I am not sure to be honest, but I will definitely look out and let you know. As I say, me and my husband will be out there in 2 weeks and so we will be doing a lot of exploring. 
I will keep you posted

Thanks


----------



## Lindsey123 (Mar 14, 2011)

Hi Jason and Paula,
Thank you for your reply.Im sure farmers markets are the norm In Cyprus as with anywhere else just would be great if it was local, if you don't mind me asking why have you chosen Paralimni, My family and I are looking into that area ourselves or there abouts. I'm new to this website and I think it's great but I've noticed most of the posts written are mainly from Paphos, Limmasol or villages In between. Nice to hear from someone in famagusta region.
2 weeks will fly In I wish you both all the very best. X


----------



## JasonandPaula (Feb 2, 2011)

Lindsey123

We chose Paralimni due to the location. We didn't want to be in the tourist area and need to be close to hand to everything as we will not have a car straight away.
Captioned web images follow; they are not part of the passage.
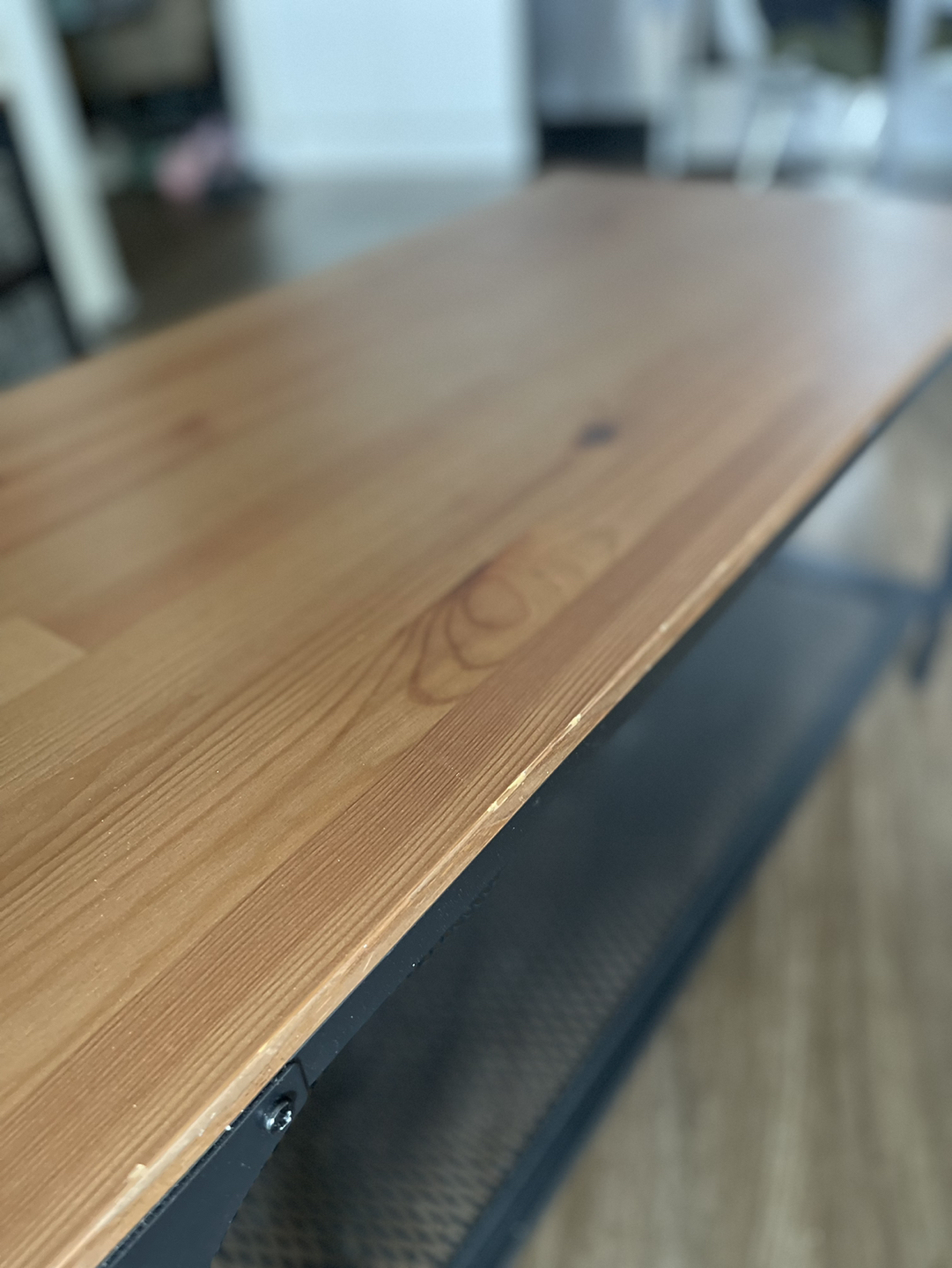 Ikea table and lamp - photo 3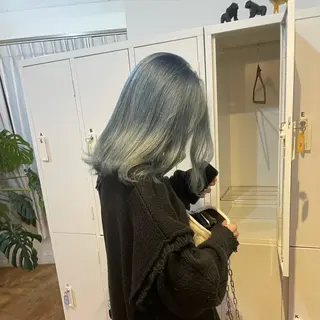 セミロング カラー 🇰🇷ハイトーン× 韓国レイヤー레이어드のヘアスタイル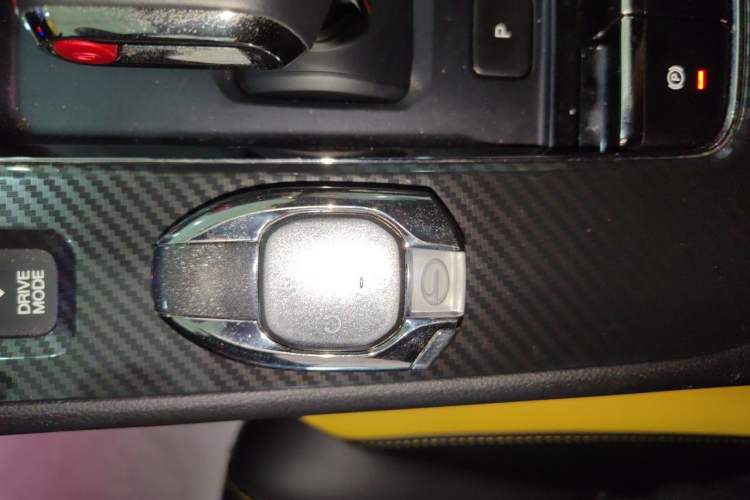 Used GAC Trumpchi EMPOW 2021 270T DCT J16 Version Vehicle Key
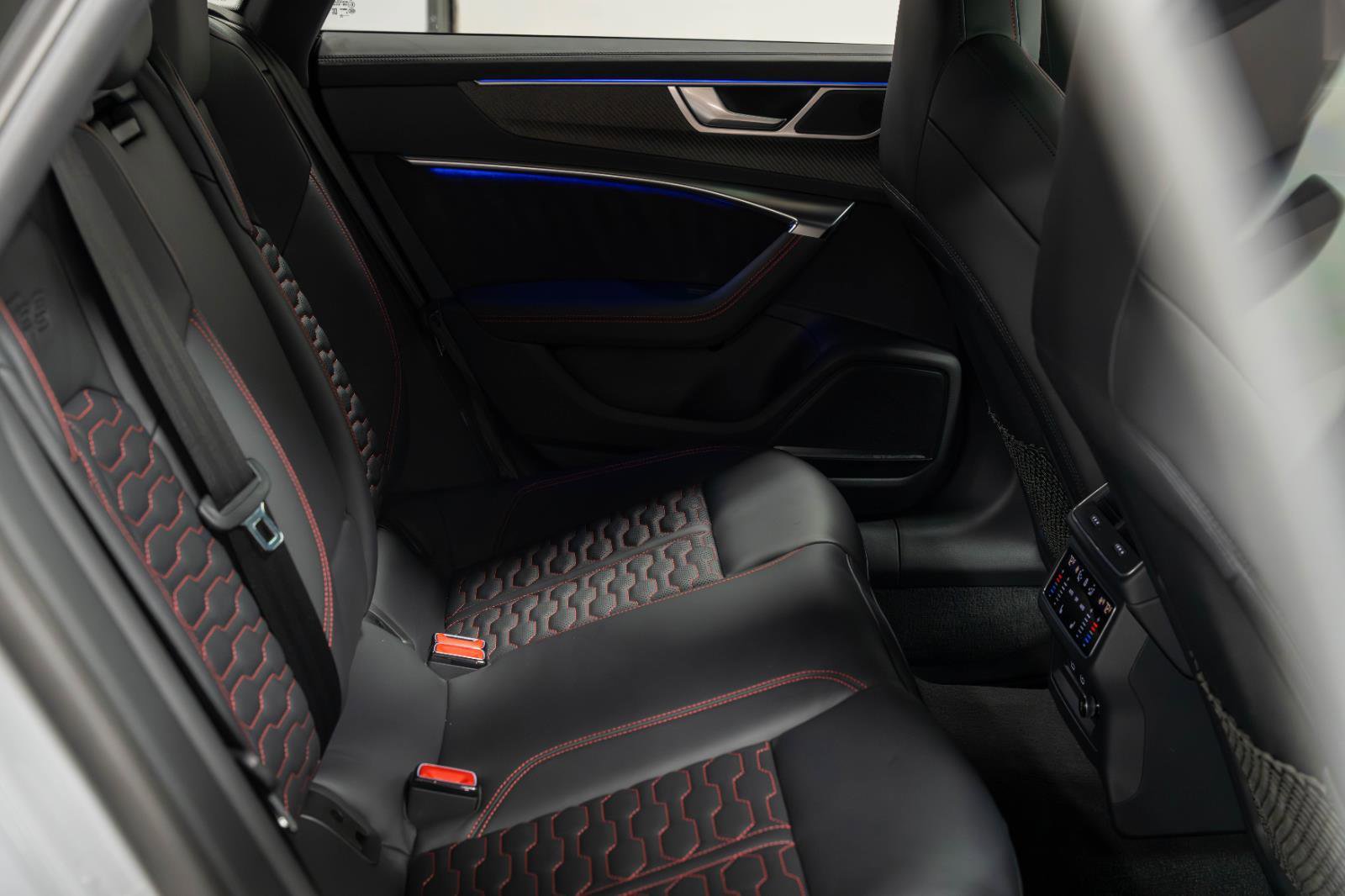 Used 2021 Audi RS 7 Sportback w/ Black Optic Package image 79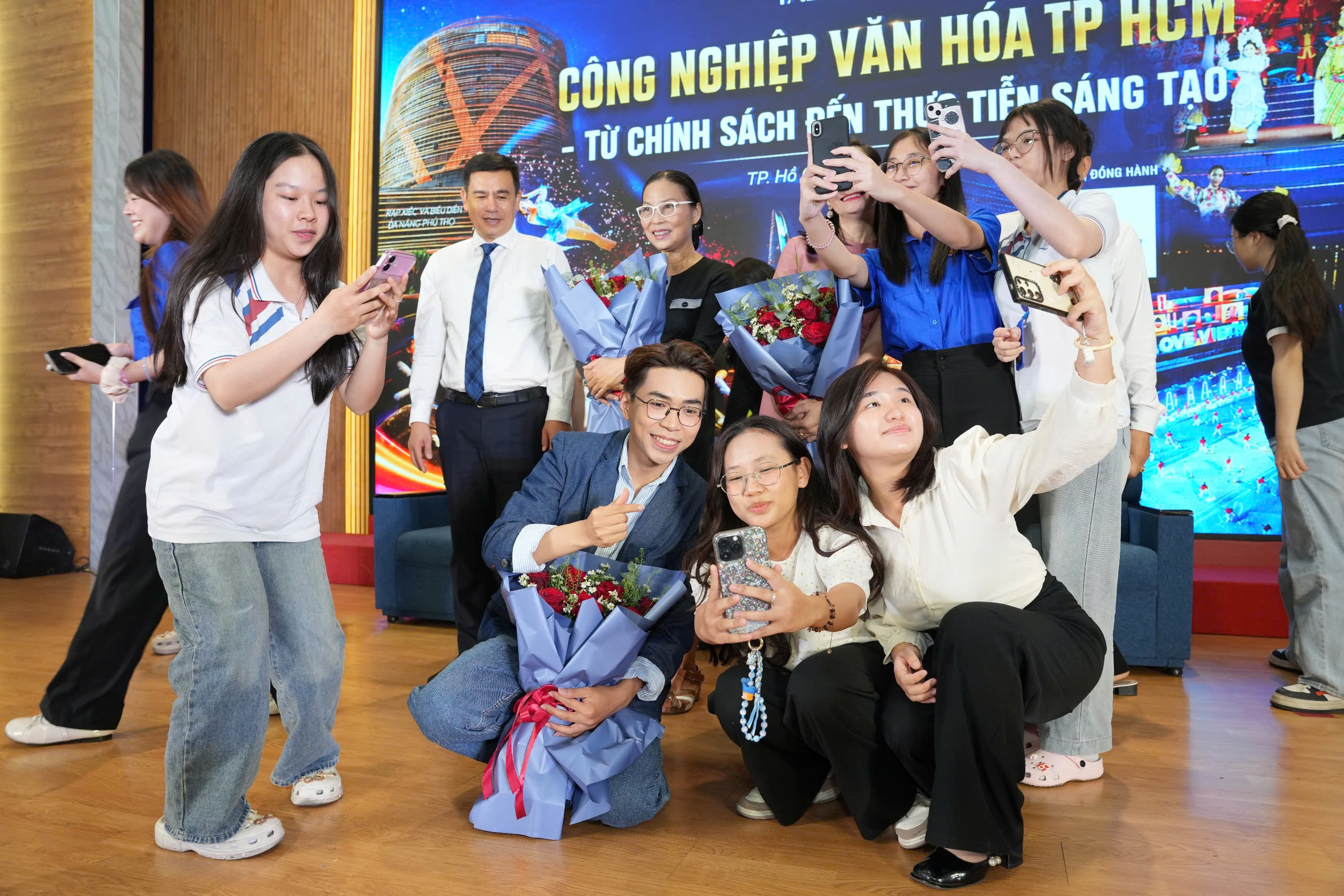 Khi ranh giới thẩm mỹ bị xô lệch (*): Nghệ sĩ và trách nhiệm công chúng - Ảnh 2.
We are on a bus route and orphanides is just down the road. 
We have visited both sides of the island, east and west, and we just love the east side. 
We are both so excited about the move and cannot wait for a new life to begin. Would be great to catch up with you when you are over


----------



## Lindsey123 (Mar 14, 2011)

Hey, 
We are Looking into that area as my partners parents live in Protaras. They are not Cypriot they retired there a few years ago now. Protaras is great but like yourselves were not to keen to be in the immediate tourist area. We have 2 children 7 and 12 so we really need to be somewhere near to schools and local amenities and somewhere that is open all year round.We have done lots of research over the last few years so it's really a case of now or never, however schools are a major issue for us. That will be the make or break!!!! Coming out In May so hopefully the decision will be made then.
You will need to keep me informed of your move x


----------



## Sixpence (Mar 23, 2011)

There is a garden Centre in Sotira called Sunshine Garden Centre, the Greek lady and her daughter ( with an Australian accent ) run it, they are very helpful and one of the cheapest in the area.


----------



## Miss Daisy (Jan 24, 2011)

There are many garden centers in the area. There is one right next to the tennis courts on the road from Dherynia to Frenaros (Christina is the owner). There is the one near Orphanides - Maria's - her son Andreas does landscaping and garden planning. There is one on the road from Kapparis to Protaras. There are a few on the main road in Paralimni going towards Dherynia. There is one in Dherynia near Costaris taverna. There is one on the road from Frenaros to Sotira. Sorry. I do not know the names of all these places. And I am sure I have missed many more.


----------